The sails went aback and Johaar slid the dinghy overside. He took the oars in his huge paws. He had pulled only a few cable-lengths when he shipped them and swore.
'Look!'
Koeltas's fear of the Bells was greater than his fear of me or his loyalty to Johaar. The Malgas was heading out to sea under every rag they could hoist.
Rhennin growled, as I came aboard the Mazy Zed, 'Blast Koeltas and his Bells! I want every bit of local knowledge to anchor off Mercury.'
'Johaar,' I suggested.
'He may be all right,' he said grudgingly, 'but Koeltas is the man I really want.'
I shouted to Johaar, who was standing looking lost, the crew gaping at his massive physique and piebald skin. He came to the bridge, wearing only a pair of washed-out khaki pants, a sheath-knife stuck in his belt.
This calm no good,' he said. 'Hot wind afterwards, make you sick.' He glanced round the ungainly bulk of the Mazy Zed. 'For a real ship, no good. But for this…' He shrugged expressively.
Rhennin exploded. 'I didn't ask for your opinions about my ship. I asked you where to anchor.'
The slow, reverberating echo struck across the water.
It was difficult to pinpoint. As before, though, the source seemed to be Mercury.
Johaar shuddered. 'You give me a doppie of brandy, eh?' His fear seemed to communicate itself to the silent bridge.
Rhennin was on edge. There's some quite normal explanation — probably an undersea volcano, or something like that.'
Mary said, 'Shelborne says he has known it for more than thirty years…'
'If it were an undersea volcano fissure there'd be a smell of sulphur and dead fish lying about,' I said. 'It simply can't be a volcano, Felix. I thought of that when I was on the island with Shelborne. It's like something rocking a boat.'
'Or someone,' added Mary.
'Don't be fanciful,' snapped Rhennin. 'I know what happened to U-boat captains and crews who let their imaginations run away with them — we didn't know where to drop a wreath for them.'
I refused to bring into the open what was at the, back of my mind, even to Mary. I must take a look at the seabed first, to see that. 'It's not a vibration and it's not a tremor,' I said. A low echo came towards us. 'Listen! I'd like to measure that sound in decibels — it must carry for miles and miles.'
'We hear it one day off Saddle Hill when the wind is in the north,' Johaar contributed gloomily. Rhennin had rung for brandy and the bottle was firmly clutched in his hand.

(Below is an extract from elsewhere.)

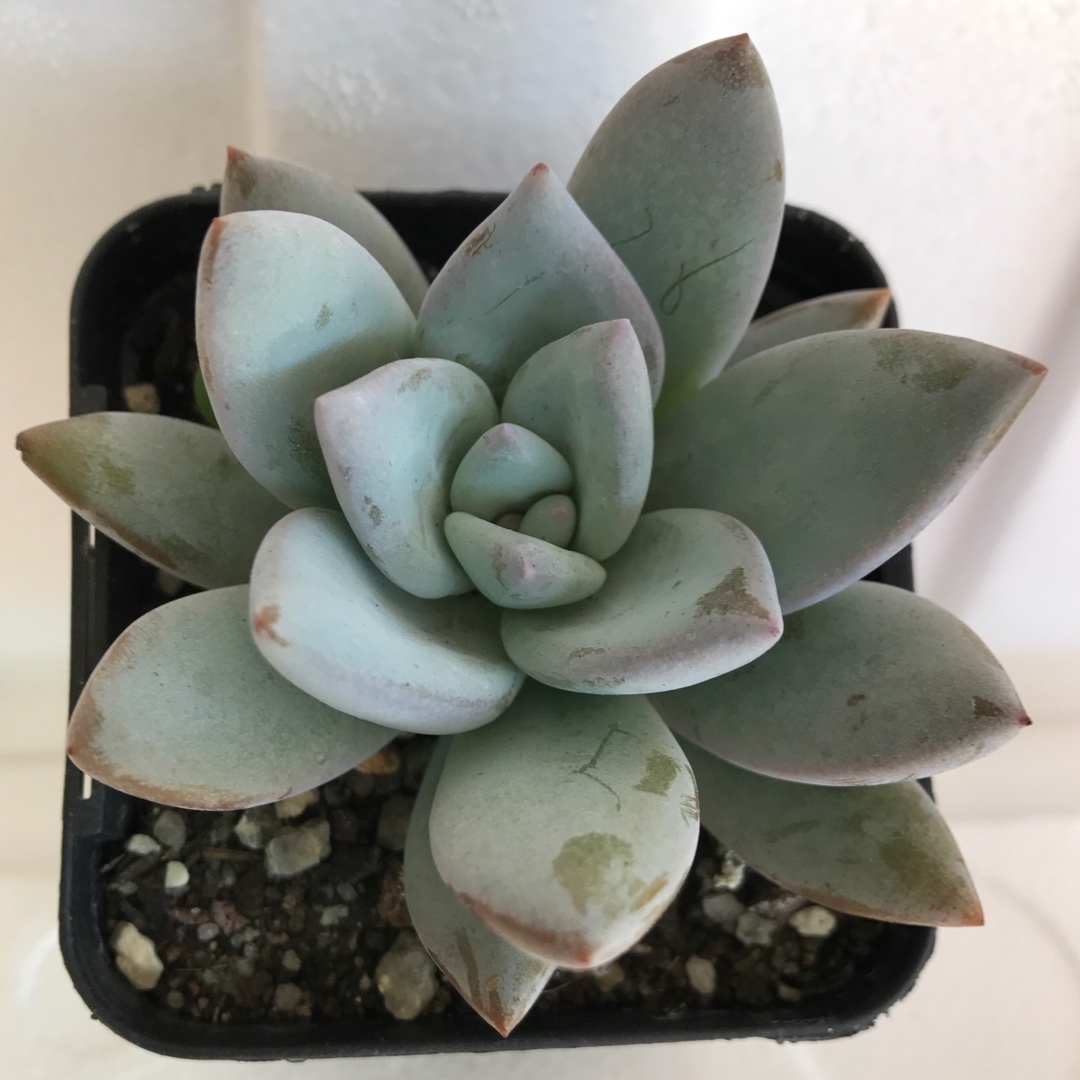 Pachyveria sales powder puff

'Saddle Hill — that's the best part of eleven miles,' I said.
The hydrofoil shot out from behind Mercury and Sheriff came within hailing distance. 'Not a merry soul! Place absolutely deserted. The flatboom's gone, too.'
'Did you go ashore?' Rhennin asked.
Too true!' replied the metallic voice. 'Went up to the huts and rang the bell, nice and polite. Watson equally on. his best behaviour with the guns — just in case. Nothing there at all, old boy' — my eyes and Mary's looked — 'felt as if I were full of pots, every bloody thing snaking. No wonder the so-and-so's cleared out. So would I…'
Rhennin cut in. 'No danger of any sort, Bob?'
'Hell, no. Just deserted and creepy, that's all.'
'What do you mean, creepy?'
'Don't rightly know, old boy. Just gave me the willies. Feeling of being watched.'
'You saw no one? You are sure?'
'Not a damn' thing. Had a gander at the seaward side as we came round the point. Nothing there either but some strange oblong white rocks.'
Sheriff didn't know about the above-ground coffins, or Gruppe Eisbar.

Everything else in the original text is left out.